[Stored data]

○ ○ ○ ○

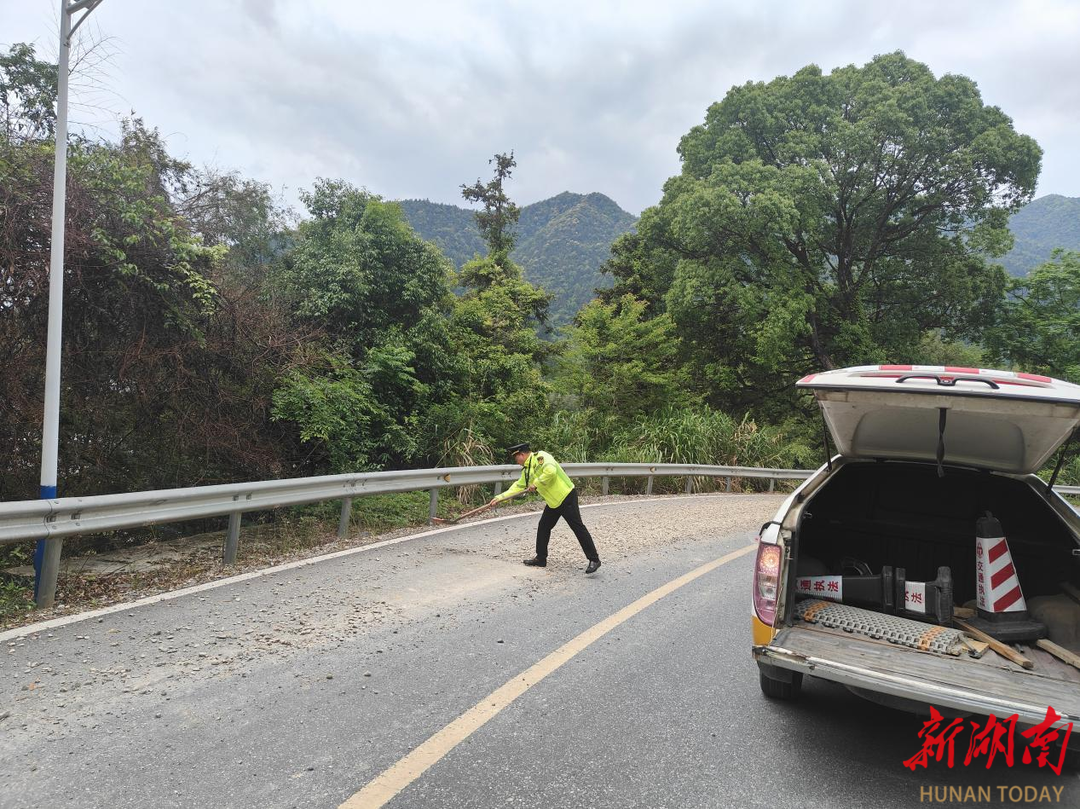 炎陵县交通运输局：多措并举 全力抢险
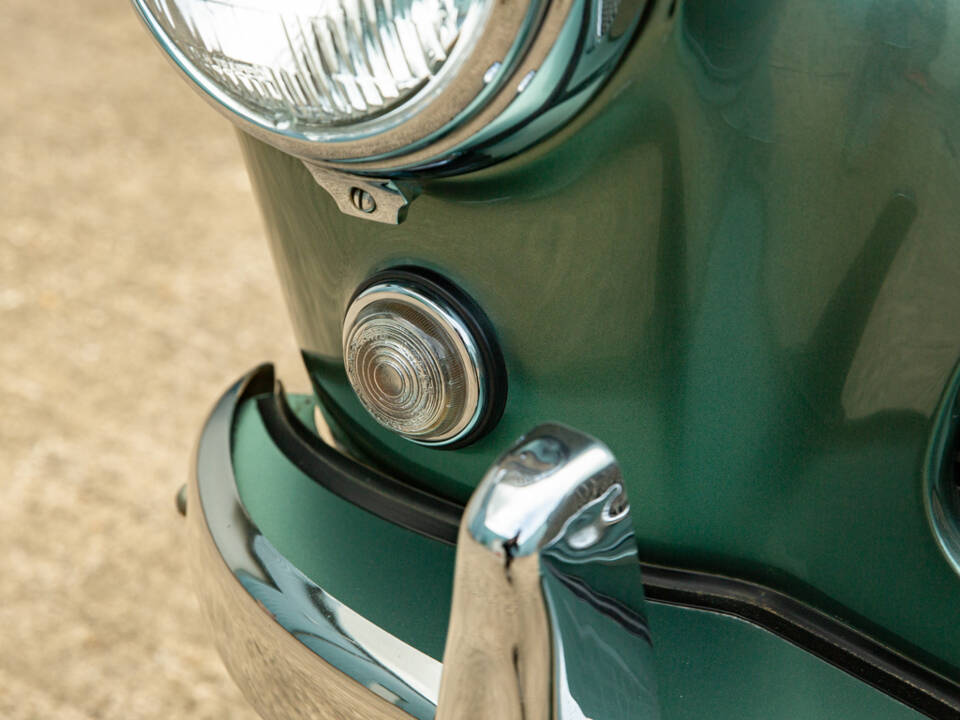Immagine 31/50 di Aston Martin DB 4 Prototype (1957)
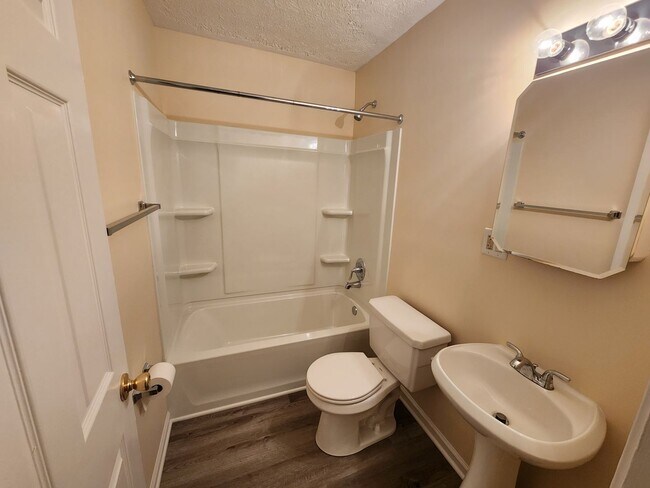 Building Photo - Adorable 2 bedroom with updates and washer/dryer hook-ups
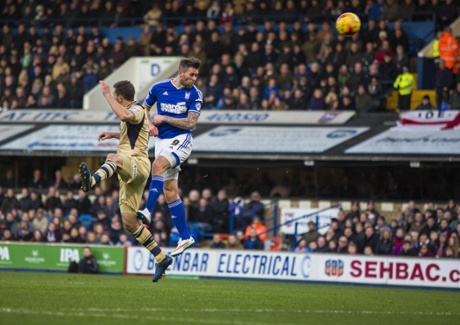 Daryl Murphy scores the equaliser.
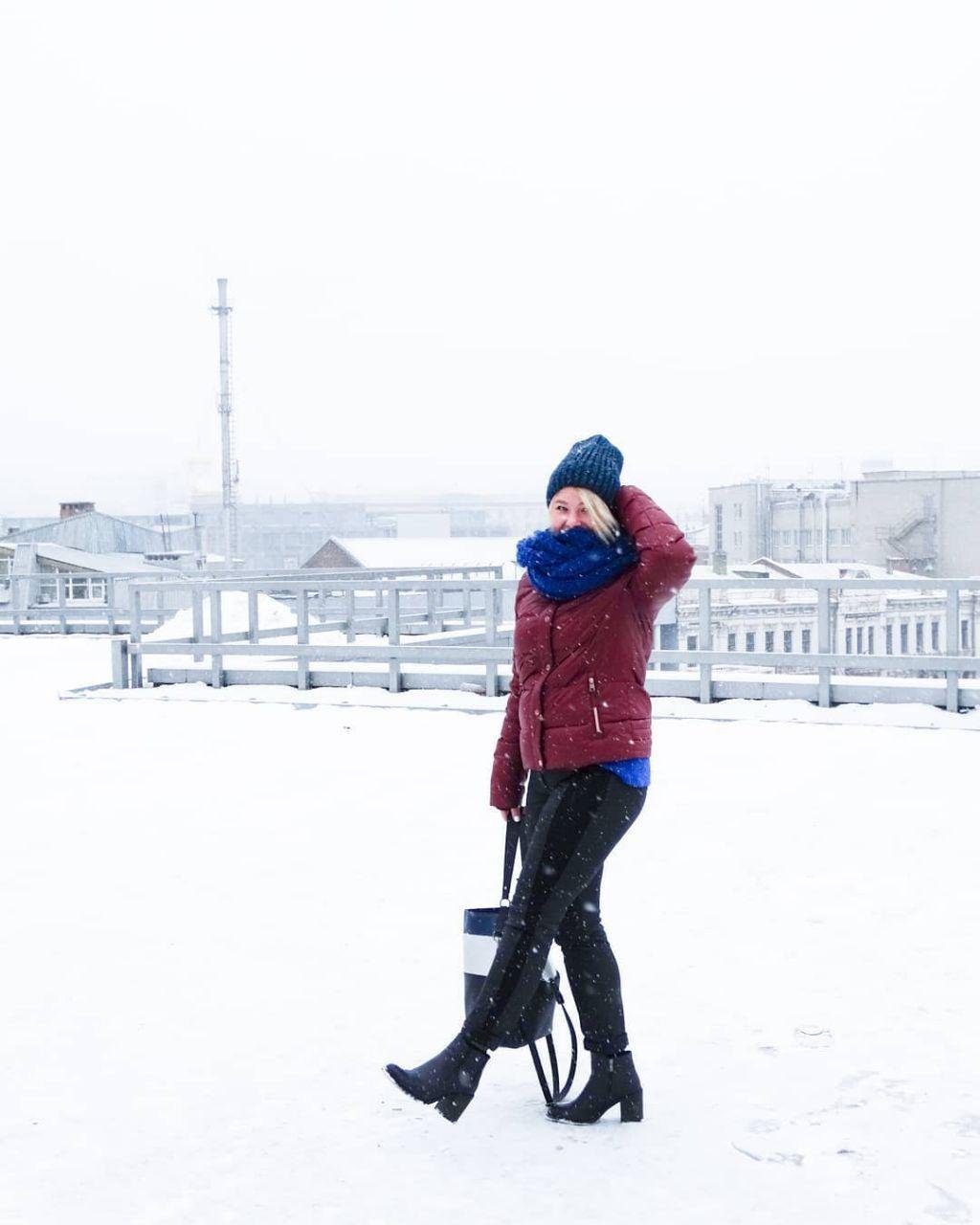 Девушка, она и в снегопад девушка, и каблуки не помеха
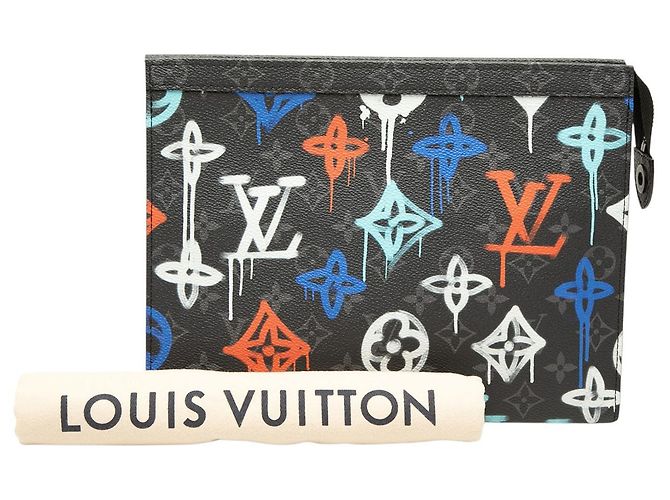 Louis Vuitton Black Monogram Eclipse Graffiti Pochette Voyage MM - vista 7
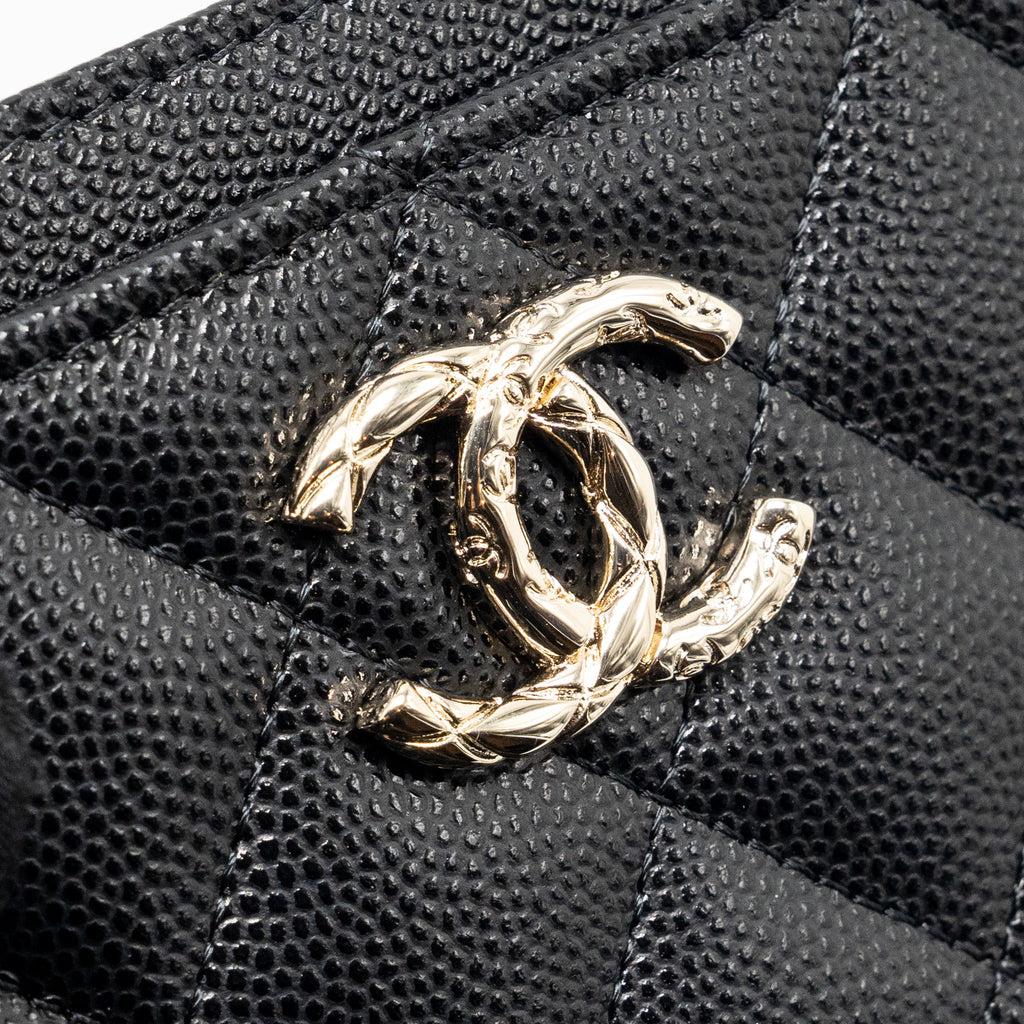 CHANEL GIANT DETAILED CC LOGO CARD HOLDER CAVIAR BLACK LGHW (MICROCHIP)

○ ○ ○ ○

Retype the data above verbatim, minus images.

Output
 炎陵县交通运输局：多措并举 全力抢险
Immagine 31/50 di Aston Martin DB 4 Prototype (1957)
 Building Photo - Adorable 2 bedroom with updates and washer/dryer hook-ups
 Daryl Murphy scores the equaliser.
 Девушка, она и в снегопад девушка, и каблуки не помеха
 Louis Vuitton Black Monogram Eclipse Graffiti Pochette Voyage MM - vista 7
 CHANEL GIANT DETAILED CC LOGO CARD HOLDER CAVIAR BLACK LGHW (MICROCHIP)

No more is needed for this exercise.